Cont’d from Building a database in C# – Part 1

So with the B+ tree semantics out of the way it was time to start looking at what was missing. Obviously it was all in memory and not yet on disk, and once it is on disk I’ll certainly need to cache. Yet there was still one thing I wanted to address early on before I started playing with persistence…. Synchronization.

Tackling the Synchronization and Concurrency seemed like it was going to be a no-brainer. Take a simple reader-writer lock housed with each node, and lock accordingly… Right? Well turns out there was two problems with this. First what lock to use?
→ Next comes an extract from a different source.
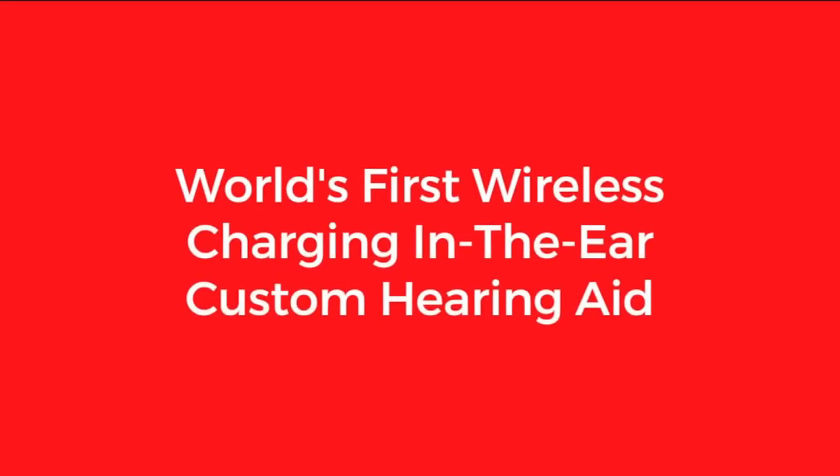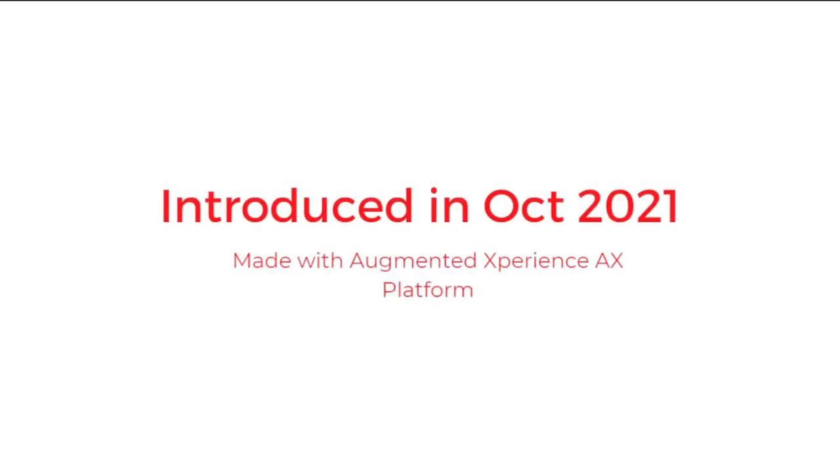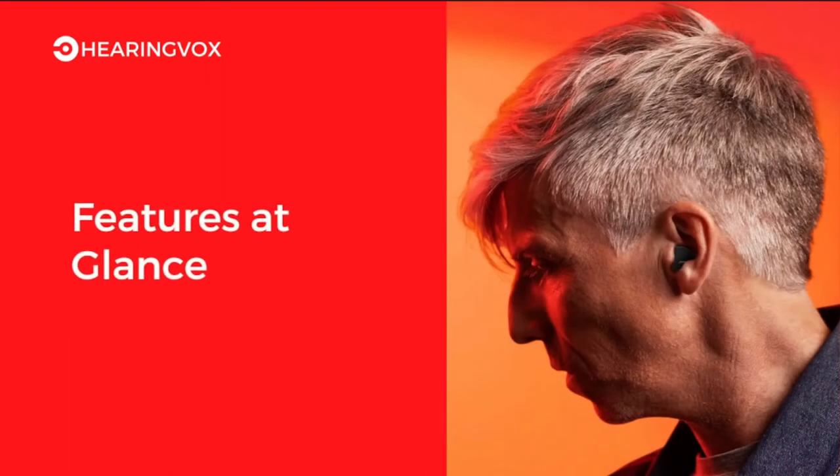The Signia Insio Charge&Go AX is the world's first wireless charging in-the-ear custom hearing aid. It was introduced in October 2021 and was made with the Augmented Experience, that is the AX platform. Now we will be overviewing what features are available in the Signia Insio Charge&Go AX.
I want a lock that will exhibit fairly consistent characteristics regardless off the type of loads (heavy read, heavy write, or balanced read and write). Apparently that simple request was ‘sooting for the moon’…

ReaderWriterLock – This was my first stop, I already had an interface I wrapped around it some time ago. Though at that time I quickly discovered that the implementation I had based on Monitor was more efficient I never really dug any deeper. Surely the ReaderWriterLock would be more efficient than exclusive access right? Well it really depends on a couple of things, How long does it take to acquire the lock, and how long are you going to hold it. After some initial testing I found that the ReaderWriterLock does work wonders for very read-heavy uses. When 9 out of 10 operations or more are read locks, the ReaderWriterLock performs reasonably well. At 50% read vs write this lock degrades in performance notably, and at 90% writes it’s almost unusable. So if you need a reader writer lock and will only use the write lock infrequently this is an option. However, it’s completely unusable for my needs in this project… next…
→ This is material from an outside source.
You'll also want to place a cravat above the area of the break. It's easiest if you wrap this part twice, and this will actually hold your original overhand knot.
ReaderWriterLockSlim – This one is a total WTF, I can’t find anything this implementation is good at. The cost was consistently worse than using any other type of lock even a Monitor. According to MSDN: “In addition, the performance of ReaderWriterLockSlim is significantly better than ReaderWriterLock. ReaderWriterLockSlim is recommended for all new development.” I call Bull$h1t on that one.

FastResourceLock – Found this one online, and although it’s a GPL license, I gave it a try. As with most of these it performs very well at 1% to 10% writes; however, it degrades as that percentage increases significantly. Out of all locks, it’s performance for acquiring the Read lock was far superior, but with the GPL license its really not worth considering for my use.

System.Threading.Monitor – Frankly speaking this thing really moves. Even with a low percentage of writes, 10%, this lock is so efficient that it performs very close to best reader/writer lock out there. Only when writes drop below this number do you start to have a performance issue. At 1% write this guy is significantly (near one order of magnitude) slower than the plain old ReaderWriterLock. Bummer really, I sure wouldn’t mind just being able to use the lock keyword; however, since I can’t know the ratio of reads:writes beforehand I need a lock that will perform well in all cases.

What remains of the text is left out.